Prof. Dr. Sema Kalaycıoğlu

Prof. Dr. Sema Kalaycıoğlu


Diken üstünde bir Seçimin Ardından

Diken üstünde bir Seçimin Ardından

Hafta başında yeni bir döneme uyandık. İyi ve ümit verici bir başlangıç. Halkın değiştirebileceği bir şeyler olduğunu düşünerek, bilinçli ve demokratik bir kararlılıkla sandık başına gittiğini düşünürsek, bu sonucu geleceğe doğru uzatmak mümkün. Artan baskı ve bağnazlığa tepki mi? Boş kaynayan tencerenin altının tutması mı? Yoksa haklarını alamayan emeklinin payı mı? Bunların hepsi. Ama ötesini de görmemiz ve bundan sonraki birkaç hamleyi de kestirmemiz gerek. Eski dönem henüz bitmedi.   Türkiye dört yıl daha mevcut Cumhurbaşkanlığı sistemi ile nasıl idare edilecek? Muktedir olmaktan çıkan iktidarı tahkim etmek için hangi yeni baskıcı yollara ve şedit yöntemlere başvurulacak? Bunların değerlendirilmesi önemli.

İyi Çalışan CHP ve bir Mirası İyi Değerlendiren YRP

CHP bu defa il ve ilçe teşkilatları ile daha iyi çalıştı. Sandık laubaliliğini aşmayı sırtına sopa yiye yiye öğrendi. İstanbul ve Ankara’nın başarısı, önce adayların, şehirlerine verdikleri dürüst, saydam hizmetlerin, sonra bir önceki ve şimdiki CHP yönetiminin isabetli aday seçiminin sonucu. Tekrarlanan adaylar utandırmadı. Hizmette kusur, yolsuzluğa tevessül etmedi. Ayırmadı, kayırmadı, hırçın ve seviyesiz eleştirilere kapılmadı. Merkezin tüm kısıtlamalarına güler yüzle direndi. Bence Yavaş ve İmamoğlu şimdi gerçek birer önder. Yolları tekrar açık olsun. Çanakkale yürek hoplattı. Malatya düş kırıklığı yarattı. İnönü mirası orada çoktan unutuldu; Zaten artık CHP de İnönü’nün CHP si değil.

Öte yandan muhtemelen bağlı olduğu cemaatin ittirmesi ile siyasi hayatına başlayan Yeniden Refah Partisi, kısa zamanda Saadet, Deva ve Gelecek partilerini gölgede bırakarak baba mirası ile il ve ilçe belediye başkanlıkları kazandı. Bundan sonraki başarı veya başarısızlıkları kendilerine ait olacak. Demek ki toplumsal bellek Necmettin Erbakan’ı unutmamış.

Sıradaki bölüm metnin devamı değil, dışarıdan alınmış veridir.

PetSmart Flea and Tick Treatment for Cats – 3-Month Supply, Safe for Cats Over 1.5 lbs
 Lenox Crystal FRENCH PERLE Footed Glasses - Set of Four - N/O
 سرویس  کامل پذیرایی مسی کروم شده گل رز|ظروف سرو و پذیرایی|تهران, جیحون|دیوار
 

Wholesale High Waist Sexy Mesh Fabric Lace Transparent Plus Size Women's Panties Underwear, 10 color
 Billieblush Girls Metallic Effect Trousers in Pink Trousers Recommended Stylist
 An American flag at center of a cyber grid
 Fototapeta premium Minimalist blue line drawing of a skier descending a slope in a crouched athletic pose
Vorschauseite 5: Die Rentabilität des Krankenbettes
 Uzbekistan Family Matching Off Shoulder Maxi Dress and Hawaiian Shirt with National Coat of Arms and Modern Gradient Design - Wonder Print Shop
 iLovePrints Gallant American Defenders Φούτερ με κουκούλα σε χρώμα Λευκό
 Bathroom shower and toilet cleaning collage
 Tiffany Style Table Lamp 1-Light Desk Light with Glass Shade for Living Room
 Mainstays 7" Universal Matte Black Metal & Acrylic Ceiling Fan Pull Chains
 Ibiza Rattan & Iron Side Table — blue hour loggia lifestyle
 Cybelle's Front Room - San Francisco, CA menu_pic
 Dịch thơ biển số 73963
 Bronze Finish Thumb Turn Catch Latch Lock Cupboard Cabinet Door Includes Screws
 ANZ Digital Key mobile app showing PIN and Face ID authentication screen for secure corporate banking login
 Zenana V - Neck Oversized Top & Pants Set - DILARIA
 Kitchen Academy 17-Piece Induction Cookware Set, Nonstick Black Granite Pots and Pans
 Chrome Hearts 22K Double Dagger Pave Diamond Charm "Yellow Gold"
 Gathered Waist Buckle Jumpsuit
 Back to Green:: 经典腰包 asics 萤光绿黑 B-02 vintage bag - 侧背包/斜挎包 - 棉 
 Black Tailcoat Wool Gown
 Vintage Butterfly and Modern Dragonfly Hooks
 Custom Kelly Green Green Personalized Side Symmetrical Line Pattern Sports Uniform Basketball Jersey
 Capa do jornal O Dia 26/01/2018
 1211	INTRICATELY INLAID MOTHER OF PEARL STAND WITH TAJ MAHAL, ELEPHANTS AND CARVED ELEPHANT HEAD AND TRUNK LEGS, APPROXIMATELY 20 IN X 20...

Deprem bölgesinde yer yerinden oynadı, yarılıp insanları içinde yaşadıkları binalarla beraber yuttu. Fayların gazabı, oylara ne kadar yansıdı? Veya yansımadı? Kahramanmaraş aynı yerde. Elbistan şaşırttı. Hatay birçok yerde CHP. Ama büyük şehir bıçak sırtı. Bunu Hatay’da Lütfü Savaş’ın kendi ağzından “CHP li olmayı başaramadığına” bağlayanlar da var; seçim arifesinde çıkan karışıklıklara da. Hatay’da aday seçiminde yaşanan zorluk, CHP nin eteğine dolandı.  Deprem bölgelerinde, hala son anda verilen seçim rüşvetlerinin etkisi var mı? Hatay’daki “Suriyeli vatandaş” oylarının yarattığı fark ve belki meşru olmayan siyasi müdahale veya seçim hilelerinin gölge oyunu etkisi de unutulmamalı.  Nasılsa birkaç gün içinde durum kesinleşir. Ama teşbihte hata olmaz, “köpeği öldürene sürükletirler”. AKP, Hatay’ın yerle bir olmasında asıl sorumlu. Eğer itirazlar sonuç vermez de Hatay AKP ye kalırsa, çözsün sorunları şimdi. Hem de belki şehri kısmen başka bir yere taşıyarak. Tamah ve para hırsı için doğa söyleyeceğini söyledi. “Toprak doyursun gözünüzü”.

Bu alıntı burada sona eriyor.